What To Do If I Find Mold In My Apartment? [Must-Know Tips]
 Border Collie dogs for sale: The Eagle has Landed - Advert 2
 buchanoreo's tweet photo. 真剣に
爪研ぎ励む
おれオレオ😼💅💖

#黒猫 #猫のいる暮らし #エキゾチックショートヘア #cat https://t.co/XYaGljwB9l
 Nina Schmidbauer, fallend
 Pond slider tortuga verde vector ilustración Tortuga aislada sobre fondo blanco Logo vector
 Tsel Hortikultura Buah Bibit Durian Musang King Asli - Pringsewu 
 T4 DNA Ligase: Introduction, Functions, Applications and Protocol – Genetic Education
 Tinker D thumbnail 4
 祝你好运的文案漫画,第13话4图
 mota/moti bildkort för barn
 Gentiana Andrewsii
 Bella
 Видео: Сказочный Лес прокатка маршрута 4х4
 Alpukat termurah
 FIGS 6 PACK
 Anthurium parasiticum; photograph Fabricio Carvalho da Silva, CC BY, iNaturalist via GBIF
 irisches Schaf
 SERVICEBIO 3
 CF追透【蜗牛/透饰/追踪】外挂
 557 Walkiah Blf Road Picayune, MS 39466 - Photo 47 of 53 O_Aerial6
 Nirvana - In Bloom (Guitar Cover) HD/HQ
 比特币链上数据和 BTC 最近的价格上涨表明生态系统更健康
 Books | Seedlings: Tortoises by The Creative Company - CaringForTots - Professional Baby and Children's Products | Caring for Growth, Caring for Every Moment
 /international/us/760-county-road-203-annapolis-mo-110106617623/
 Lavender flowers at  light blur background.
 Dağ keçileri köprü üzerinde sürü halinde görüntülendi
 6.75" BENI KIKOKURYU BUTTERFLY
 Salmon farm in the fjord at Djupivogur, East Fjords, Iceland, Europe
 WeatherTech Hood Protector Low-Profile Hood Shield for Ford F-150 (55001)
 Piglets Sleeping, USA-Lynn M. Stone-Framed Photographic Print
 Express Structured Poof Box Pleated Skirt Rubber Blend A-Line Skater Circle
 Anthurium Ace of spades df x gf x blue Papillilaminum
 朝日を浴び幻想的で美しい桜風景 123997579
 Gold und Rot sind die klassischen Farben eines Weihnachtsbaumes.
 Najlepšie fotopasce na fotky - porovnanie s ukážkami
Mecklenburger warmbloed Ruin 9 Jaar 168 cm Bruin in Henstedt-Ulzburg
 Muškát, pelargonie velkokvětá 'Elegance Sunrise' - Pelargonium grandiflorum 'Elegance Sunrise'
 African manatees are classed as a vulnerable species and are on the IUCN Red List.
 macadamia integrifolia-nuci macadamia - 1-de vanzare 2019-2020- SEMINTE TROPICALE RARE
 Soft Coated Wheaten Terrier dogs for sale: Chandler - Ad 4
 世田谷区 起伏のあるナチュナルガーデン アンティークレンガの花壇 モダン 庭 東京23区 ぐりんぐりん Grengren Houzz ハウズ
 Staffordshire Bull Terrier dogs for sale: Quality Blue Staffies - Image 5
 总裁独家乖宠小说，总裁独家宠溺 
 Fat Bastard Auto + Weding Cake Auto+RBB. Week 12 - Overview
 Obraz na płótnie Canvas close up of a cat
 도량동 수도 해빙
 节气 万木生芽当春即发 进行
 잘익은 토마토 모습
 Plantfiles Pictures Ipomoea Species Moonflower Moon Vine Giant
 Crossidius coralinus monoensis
•••••
Repeat, exactly and only, the lines from the beginning of the material through the line that contains "Nina Schmidbauer, fallend".

What To Do If I Find Mold In My Apartment? [Must-Know Tips]
 Border Collie dogs for sale: The Eagle has Landed - Advert 2
 buchanoreo's tweet photo. 真剣に
爪研ぎ励む
おれオレオ😼💅💖

#黒猫 #猫のいる暮らし #エキゾチックショートヘア #cat https://t.co/XYaGljwB9l
 Nina Schmidbauer, fallend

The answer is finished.